- [Task instructions]
Give back all of the data exactly as it appears here.

- [Given data]
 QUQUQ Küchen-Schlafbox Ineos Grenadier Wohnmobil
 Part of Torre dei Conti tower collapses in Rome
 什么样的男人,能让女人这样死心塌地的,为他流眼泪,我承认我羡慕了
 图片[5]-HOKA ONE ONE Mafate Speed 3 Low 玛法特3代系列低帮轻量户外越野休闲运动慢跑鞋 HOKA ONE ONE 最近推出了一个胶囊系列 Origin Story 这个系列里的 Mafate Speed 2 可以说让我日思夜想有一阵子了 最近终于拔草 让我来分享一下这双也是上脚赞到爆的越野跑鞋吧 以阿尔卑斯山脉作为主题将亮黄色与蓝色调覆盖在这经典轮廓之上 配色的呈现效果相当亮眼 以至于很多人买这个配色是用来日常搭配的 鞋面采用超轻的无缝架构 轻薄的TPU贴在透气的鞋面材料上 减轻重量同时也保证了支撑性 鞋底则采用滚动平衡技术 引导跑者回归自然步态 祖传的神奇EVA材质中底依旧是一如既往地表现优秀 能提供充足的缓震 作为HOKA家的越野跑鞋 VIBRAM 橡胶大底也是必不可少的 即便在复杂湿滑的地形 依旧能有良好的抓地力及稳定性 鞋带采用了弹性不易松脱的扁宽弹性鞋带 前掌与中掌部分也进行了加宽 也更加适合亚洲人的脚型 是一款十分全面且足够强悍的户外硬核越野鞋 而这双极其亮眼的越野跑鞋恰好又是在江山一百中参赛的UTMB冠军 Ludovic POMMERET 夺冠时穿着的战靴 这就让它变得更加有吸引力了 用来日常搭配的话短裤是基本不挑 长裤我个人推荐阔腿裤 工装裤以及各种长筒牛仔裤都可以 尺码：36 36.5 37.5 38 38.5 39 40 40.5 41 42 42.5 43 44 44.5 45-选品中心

- [Response to the task]
 QUQUQ Küchen-Schlafbox Ineos Grenadier Wohnmobil
 Part of Torre dei Conti tower collapses in Rome
 什么样的男人,能让女人这样死心塌地的,为他流眼泪,我承认我羡慕了
 图片[5]-HOKA ONE ONE Mafate Speed 3 Low 玛法特3代系列低帮轻量户外越野休闲运动慢跑鞋 HOKA ONE ONE 最近推出了一个胶囊系列 Origin Story 这个系列里的 Mafate Speed 2 可以说让我日思夜想有一阵子了 最近终于拔草 让我来分享一下这双也是上脚赞到爆的越野跑鞋吧 以阿尔卑斯山脉作为主题将亮黄色与蓝色调覆盖在这经典轮廓之上 配色的呈现效果相当亮眼 以至于很多人买这个配色是用来日常搭配的 鞋面采用超轻的无缝架构 轻薄的TPU贴在透气的鞋面材料上 减轻重量同时也保证了支撑性 鞋底则采用滚动平衡技术 引导跑者回归自然步态 祖传的神奇EVA材质中底依旧是一如既往地表现优秀 能提供充足的缓震 作为HOKA家的越野跑鞋 VIBRAM 橡胶大底也是必不可少的 即便在复杂湿滑的地形 依旧能有良好的抓地力及稳定性 鞋带采用了弹性不易松脱的扁宽弹性鞋带 前掌与中掌部分也进行了加宽 也更加适合亚洲人的脚型 是一款十分全面且足够强悍的户外硬核越野鞋 而这双极其亮眼的越野跑鞋恰好又是在江山一百中参赛的UTMB冠军 Ludovic POMMERET 夺冠时穿着的战靴 这就让它变得更加有吸引力了 用来日常搭配的话短裤是基本不挑 长裤我个人推荐阔腿裤 工装裤以及各种长筒牛仔裤都可以 尺码：36 36.5 37.5 38 38.5 39 40 40.5 41 42 42.5 43 44 44.5 45-选品中心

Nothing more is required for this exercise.